--- RECORDED DATA ---

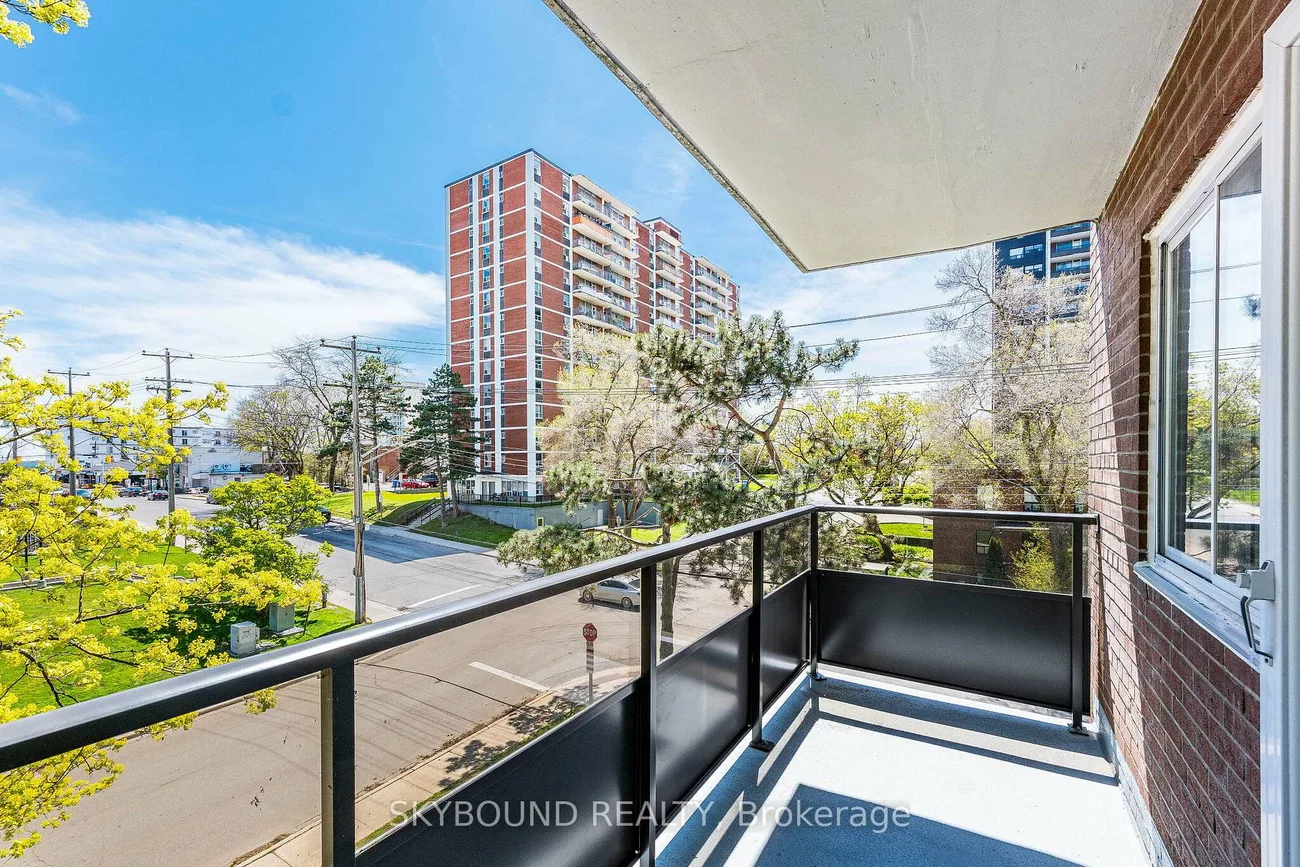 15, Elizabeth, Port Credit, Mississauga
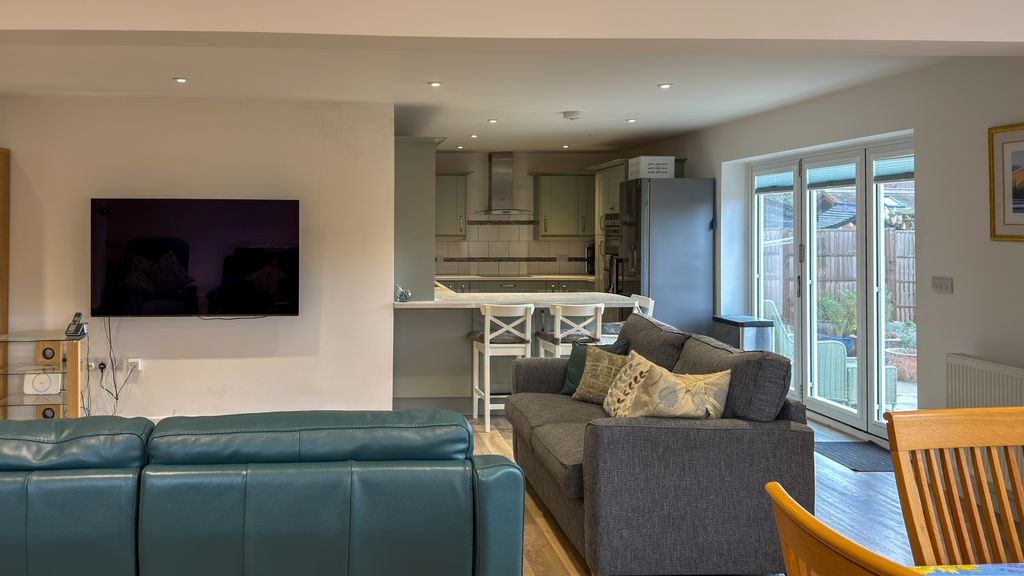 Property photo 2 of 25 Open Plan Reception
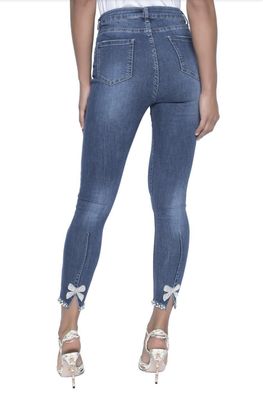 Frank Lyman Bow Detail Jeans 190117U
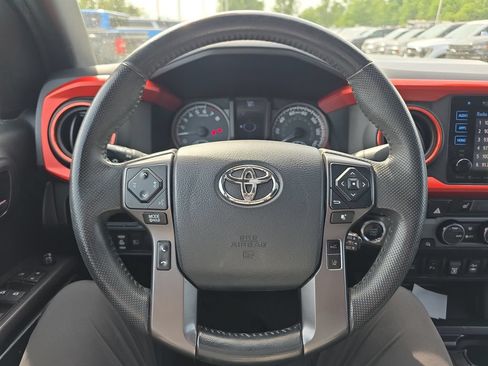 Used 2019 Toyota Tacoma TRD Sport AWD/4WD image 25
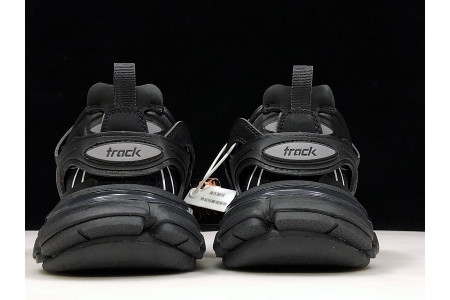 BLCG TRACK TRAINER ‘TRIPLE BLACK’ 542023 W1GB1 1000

---
--- RECORDED DATA ---

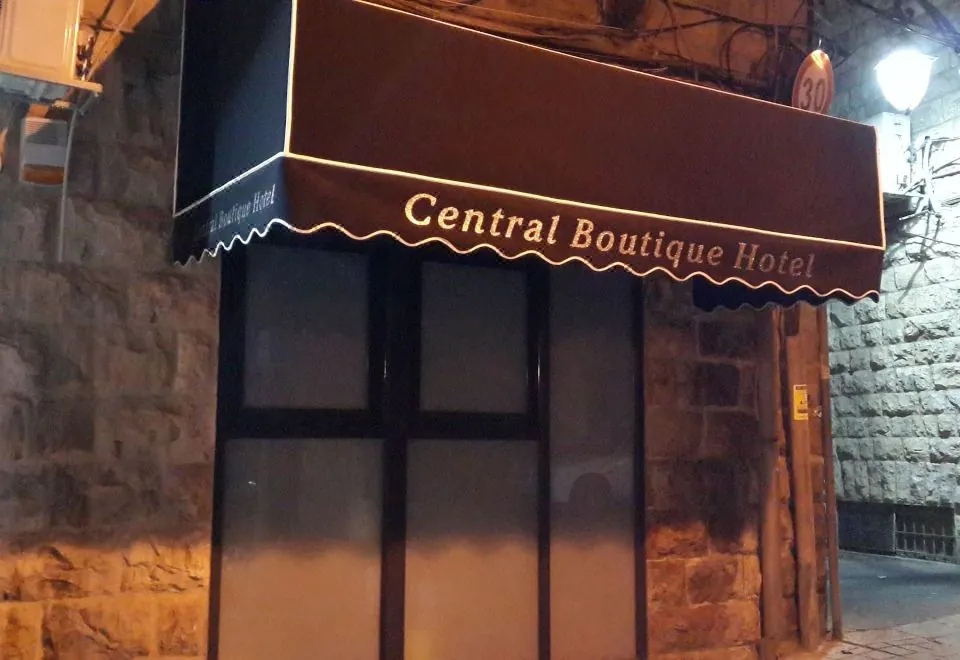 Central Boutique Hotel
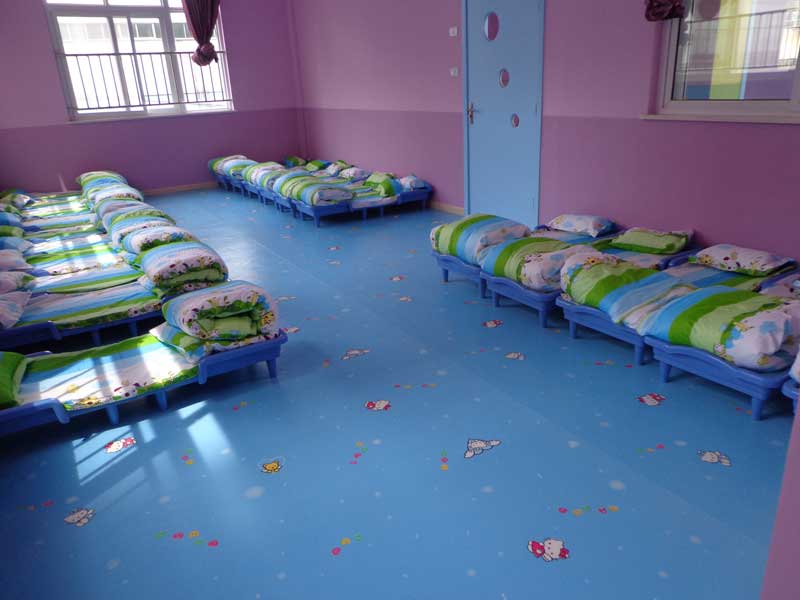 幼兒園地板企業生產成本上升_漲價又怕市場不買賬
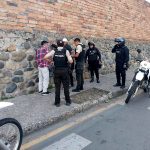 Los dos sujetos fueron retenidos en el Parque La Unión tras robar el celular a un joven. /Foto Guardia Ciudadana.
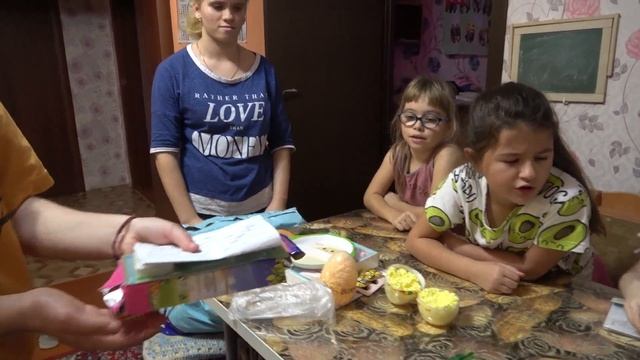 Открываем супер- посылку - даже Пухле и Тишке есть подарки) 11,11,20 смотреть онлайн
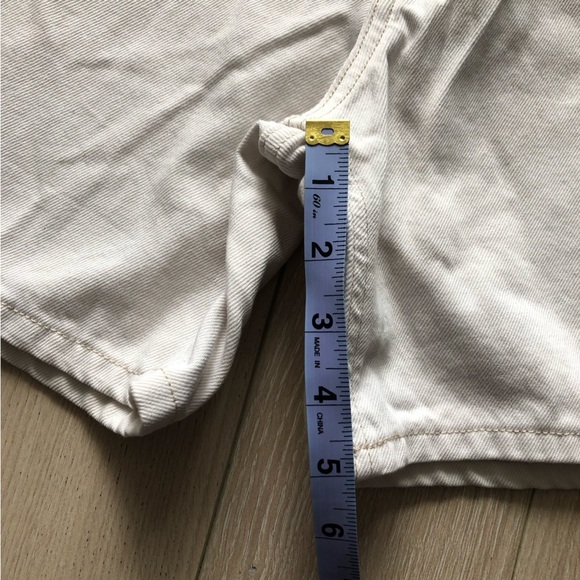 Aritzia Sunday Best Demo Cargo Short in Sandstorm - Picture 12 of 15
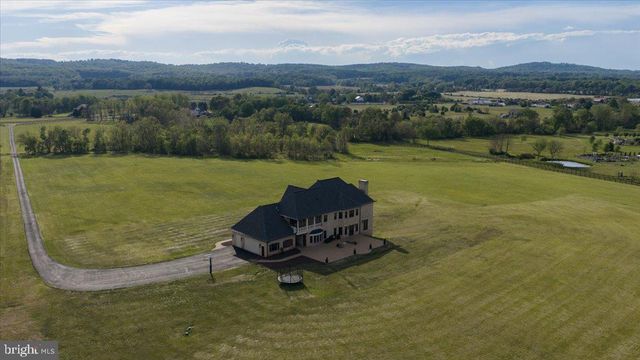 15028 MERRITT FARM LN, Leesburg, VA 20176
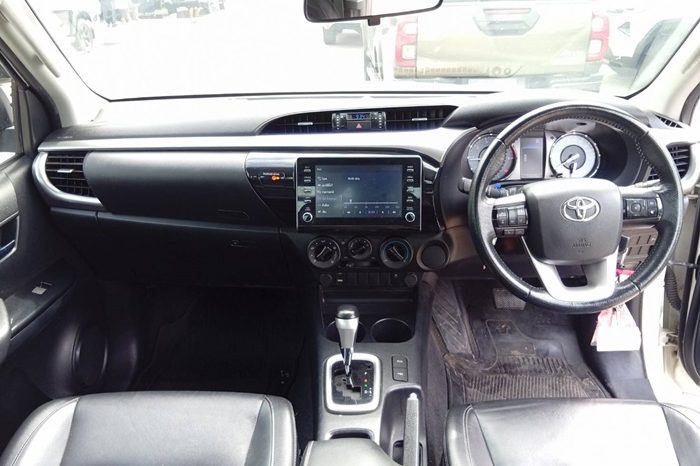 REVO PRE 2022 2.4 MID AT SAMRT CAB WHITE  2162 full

---

WHAT IS REQUIRED:
Your answer should consist of the lines above between those holding "Used 2019 Toyota" and "BLCG TRACK TRAINER", inclusive, reproduced word for word and without pictures.

REPLY TO THE EXERCISE:
 Used 2019 Toyota Tacoma TRD Sport AWD/4WD image 25
 BLCG TRACK TRAINER ‘TRIPLE BLACK’ 542023 W1GB1 1000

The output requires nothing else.